連続で放たれたそれ等を躱し、少しずつ彼に接近する。そしてあと数歩で届く、といった所で眼前に魔弾が迫ってきていた。


「止まらないで!!」


宇宙が発動させてくれた防御魔石が、ディツェンバーと魔弾の間に一枚の壁を作ってくれる。それ等が当たった瞬間爆発が起こり、黒煙が立ち込めた。


黒煙の中から飛び出したディツェンバーの握っている刀が、アルターの胸に深々と突き刺された。


「ぐっ……!!」


このまま切り裂く──と刀に力を込めた瞬間、ディツェンバーの左目に猛烈な痛みが走った。


「あ、ああぁぁぁぁっ!!?」


「みっ君!?」


頬を伝ってコンクリに赤黒い染みが作られる。
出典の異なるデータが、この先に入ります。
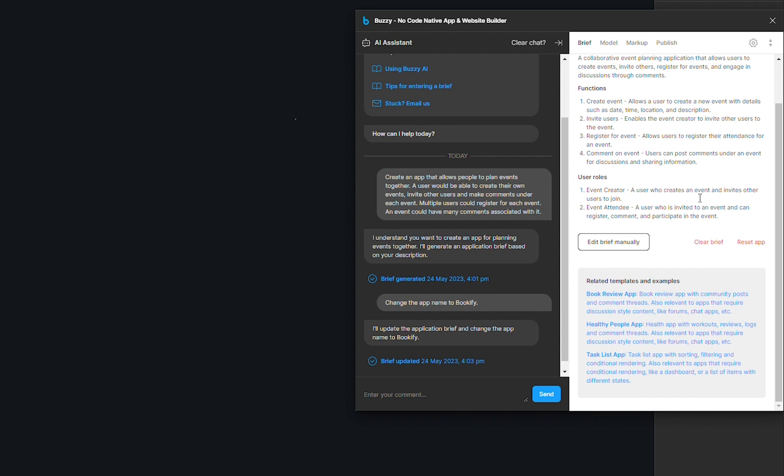So I would say definitely take the time to have a look at those as well. Once you're happy with the brief, you can move on to the next step, which is the data model. And I'll cover that in another video. Thanks for watching.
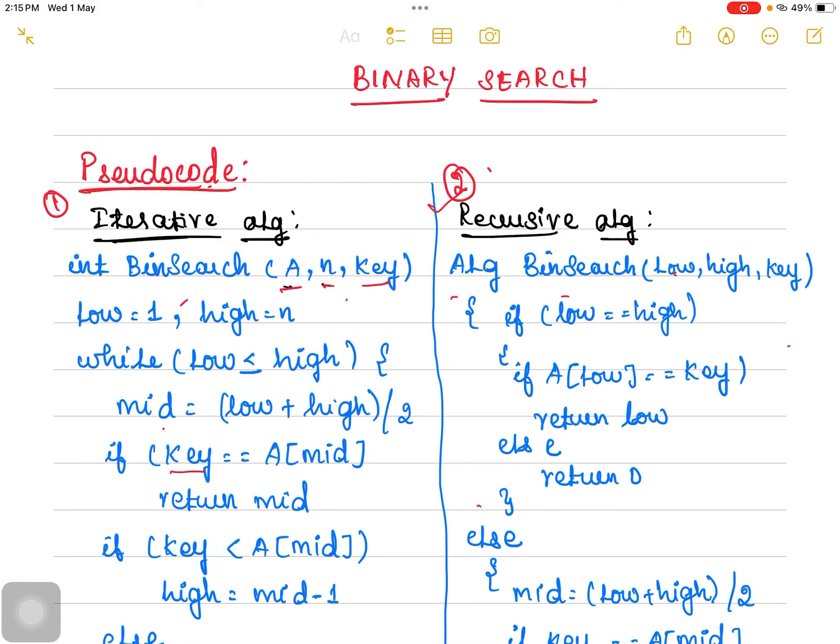We will discuss binary search pseudocode in this lecture. As you can see, there are two algorithms written for binary search: one is the iterative algorithm and the second one is the recursive algorithm. We can prefer any algorithm for binary search.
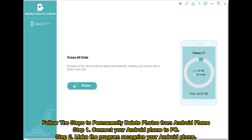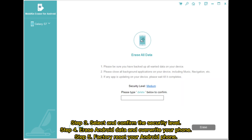Follow the steps to permanently delete photos from Android phone. Step 1: Connect your Android phone to PC. Step 2: Make the program recognize your Android phone. Step 3: Select and confirm the security level. Step 4: Erase Android data and overwrite your phone. Step 5: Factory reset your Android phone.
ナイフが左目を貫き、視界が狭まれた事。感じた事の無い痛みに悶絶するディツェンバーに、アルターは容赦無く斬り掛る。


アルターの攻撃を察知したディツェンバーは、痛みの最中刀を手放し後退する。それでも尚トドメを刺そうと接近するアルター目掛けて、宇宙は魔石を投げ付けた。
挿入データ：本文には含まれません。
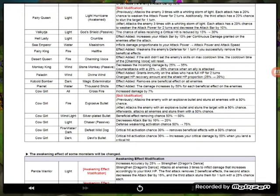Nice. Monkey King wind, Stone Monkey passive, decreases the incoming damage by 25 to 35. Counter attacks with a 25 to 35 percent chance now when allied is attacked. Paladin wind, effect added, grants immunity on allies who have full HP for two turns. Change HP recovery amount to HP shield proportion 25 to 20, took that down.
仕方無く足を止めたアルターを警戒しながら、宇宙はディツェンバーに駆け寄る。


「みっ君!! しっかり!!」


「あ、うっ…………くそっ……」


左目に突き刺さったナイフを抜くと、一層多くの血が溢れた。ジクジクと痛む左目を抑えながら、ディツェンバーは宇宙の前に立つ。


アルターはというと突き刺さった刀を引き抜き、適当に放り投げていた。その傷がゆっくりとだが塞がっていくのを見る限り、まだ余裕があるようだ。


劣勢に追い込まれたディツェンバーは出し惜しみはしていられない、と一度目を閉じ深呼吸を繰り返した。